Ben Mezrich: The Accidental Billionaires

Ben Mezrich: The Accidental Billionaires

When Edmund Morris, a Pulitzer-winning writer and biographer of Theodore Roosevelt, essentially punted the task of producing a book about then-President Ronald Reagan by fictionalizing his own pursuit of the man, he opened a can of worms for non-fiction writing in general, and for chroniclers of current events in particular. Raked over the coals at the time for mingling fact and fancy in an effort to portray an unknowable subject, Morris’ Dutch: A Memoir Of Ronald Reagan has quietly become the model text for a new generation of writers producing sensationalist “non-fiction” and hoping for a breakout hit.

Witness The Accidental Billionaires: The Founding Of Facebook—A Tale Of Sex, Money, Genius, And Betrayal, Ben Mezrich’s attempt to cash in on the Facebook phenomenon. Former genre-fiction writer Mezrich has made several runs at the market with books whose subtitles begin “The True Story Of” and continue with Mad Lib variations on “Ivy League,” “Casino,” “Millions,” “Markets,” “Wall Street,” and “Whiz Kid.” Mining his Harvard background once again, he weaves the story of Facebook’s origins as an idea for a hotornot.com-style dating website—but exclusive to the campus, like the university’s elite social clubs—into a hyperbolic techno-capitalist romance novel, complete with faithless lovers, spurned suitors, and jilted spouses. Mezrich’s chief informant is Eduardo Saverin, one of Mark Zuckerberg’s original partners in the creation of what was then thefacebook.com. But Saverin’s bitterness over what he perceives as a calculated campaign to devalue his stake in the company and write him out of the origin story soaks the whole book in self-pity. Maybe programmer Zuckerberg is the cool, heartless opportunist Mezrich paints him as; maybe he did screw over every friend he ever had in the quest to be seen as the absolute monarch of Facebook. But since Zuckerberg declined to be interviewed for the book, Mezrich has a chance to portray himself as the reluctant truth-teller, clucking over Zuckerberg’s alleged malfeasance while cackling with glee over each juicy morsel of betrayal.

There’s a fascinating book in Facebook’s origins, no doubt—one that explores the near-instantaneous transformation of undergraduates to captains of industry and helps us understand why the world was ready for the kind of social networking Facebook was designed to facilitate.
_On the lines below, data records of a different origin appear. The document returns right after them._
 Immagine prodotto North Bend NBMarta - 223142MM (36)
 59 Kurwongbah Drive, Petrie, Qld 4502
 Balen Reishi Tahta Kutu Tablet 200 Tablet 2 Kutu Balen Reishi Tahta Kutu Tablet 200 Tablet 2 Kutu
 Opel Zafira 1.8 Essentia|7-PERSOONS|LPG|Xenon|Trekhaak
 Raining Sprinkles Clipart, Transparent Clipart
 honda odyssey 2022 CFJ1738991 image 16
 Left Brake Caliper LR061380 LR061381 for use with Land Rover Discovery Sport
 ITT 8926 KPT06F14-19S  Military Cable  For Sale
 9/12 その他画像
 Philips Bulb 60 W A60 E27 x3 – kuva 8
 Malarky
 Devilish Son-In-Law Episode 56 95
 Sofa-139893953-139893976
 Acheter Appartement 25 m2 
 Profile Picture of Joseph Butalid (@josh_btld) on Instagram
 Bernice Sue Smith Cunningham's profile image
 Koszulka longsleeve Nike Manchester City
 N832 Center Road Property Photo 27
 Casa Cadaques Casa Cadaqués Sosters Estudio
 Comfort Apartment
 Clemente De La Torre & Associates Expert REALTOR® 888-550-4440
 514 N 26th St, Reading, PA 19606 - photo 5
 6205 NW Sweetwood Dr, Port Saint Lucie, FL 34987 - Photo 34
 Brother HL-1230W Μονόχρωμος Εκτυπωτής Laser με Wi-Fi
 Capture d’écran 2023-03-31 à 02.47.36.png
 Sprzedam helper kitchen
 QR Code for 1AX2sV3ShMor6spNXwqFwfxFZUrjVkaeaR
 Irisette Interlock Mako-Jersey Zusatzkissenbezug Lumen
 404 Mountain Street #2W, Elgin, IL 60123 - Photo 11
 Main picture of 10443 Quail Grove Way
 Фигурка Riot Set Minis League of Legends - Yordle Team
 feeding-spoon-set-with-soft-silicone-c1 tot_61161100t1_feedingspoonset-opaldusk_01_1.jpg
But Mezrich doesn’t want to write it. He wants to start every chapter with an overbaked recreation (“Tyler felt his fingers whiten against the crystal flute of champagne…”) and spice up the saga of stock options with metaphors right out of Creative Writing 101. (“He forced his pulse to return to a steady beat, like the steady bytes and bits of a processing computer hard drive.”) In the end, Mezrich seems to have gotten what he wanted; his extended-movie-treatment of a book was optioned for the big screen before it hit bookstore shelves. Meanwhile, the opportunity to illuminate this cornerstone phenomenon of Web 2.0 goes back into cold storage, waiting for a writer with faith in his material rather than his own creative pretensions.